→ **Work required**
Pictures stay out; print the rest of the listing below exactly as it stands.

→ **Supplied data**
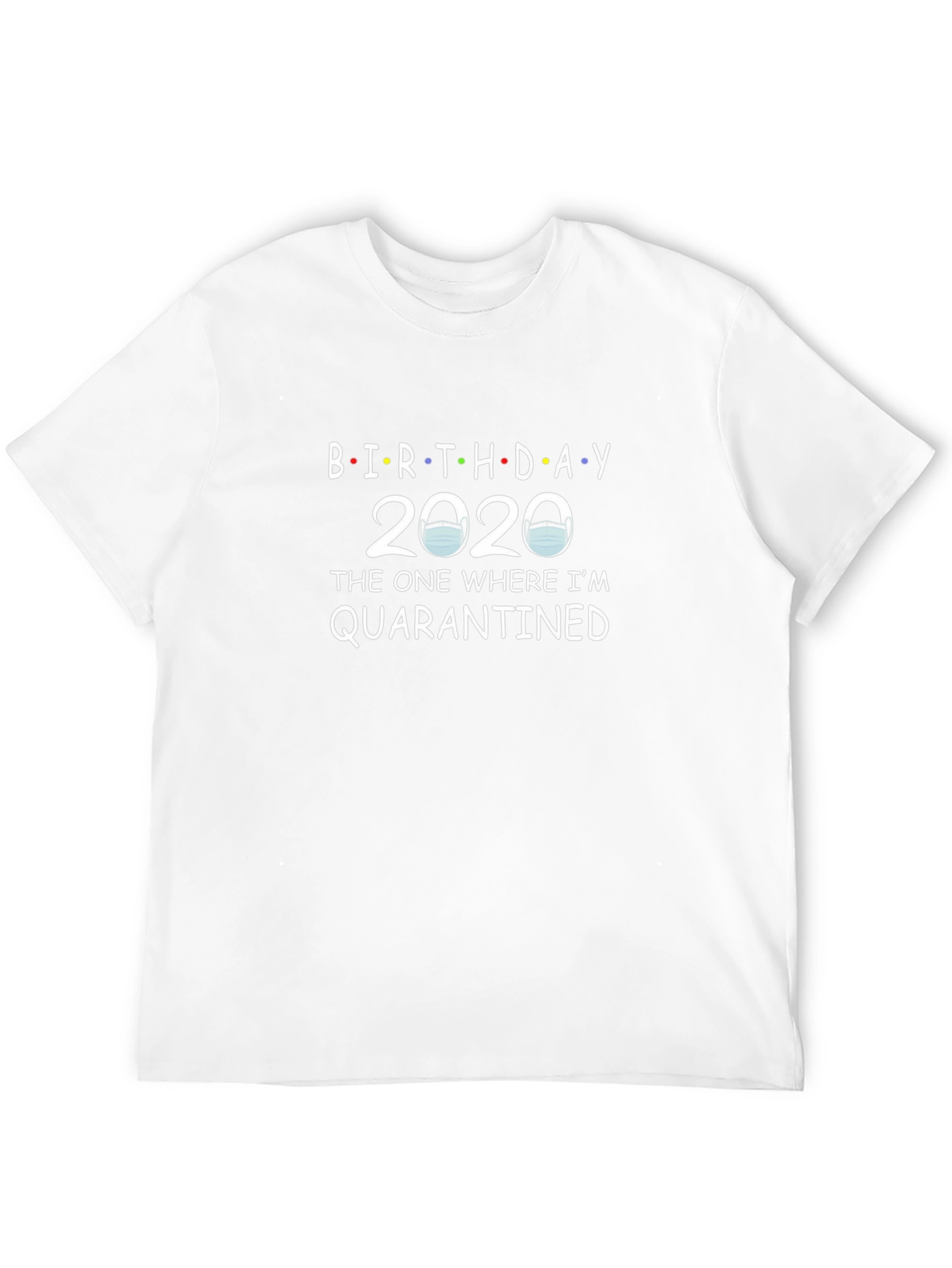Birthday 2020 Quarantined T-Shirt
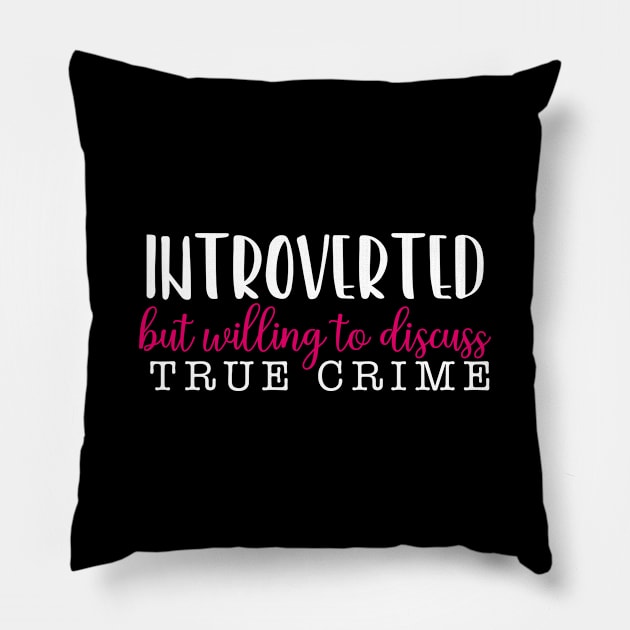 Introverted but willing to discuss true crime Pillow by qpdesignco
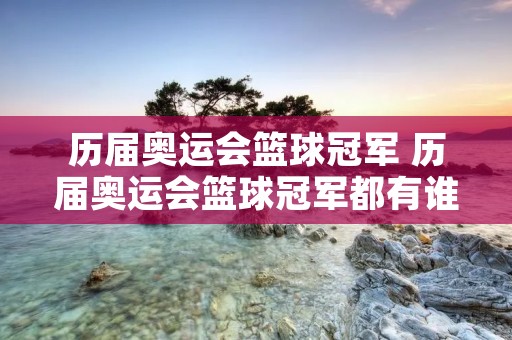 历届奥运会篮球冠军 历届奥运会篮球冠军都有谁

→ **Expected answer**
Birthday 2020 Quarantined T-Shirt
 Introverted but willing to discuss true crime Pillow by qpdesignco
 历届奥运会篮球冠军 历届奥运会篮球冠军都有谁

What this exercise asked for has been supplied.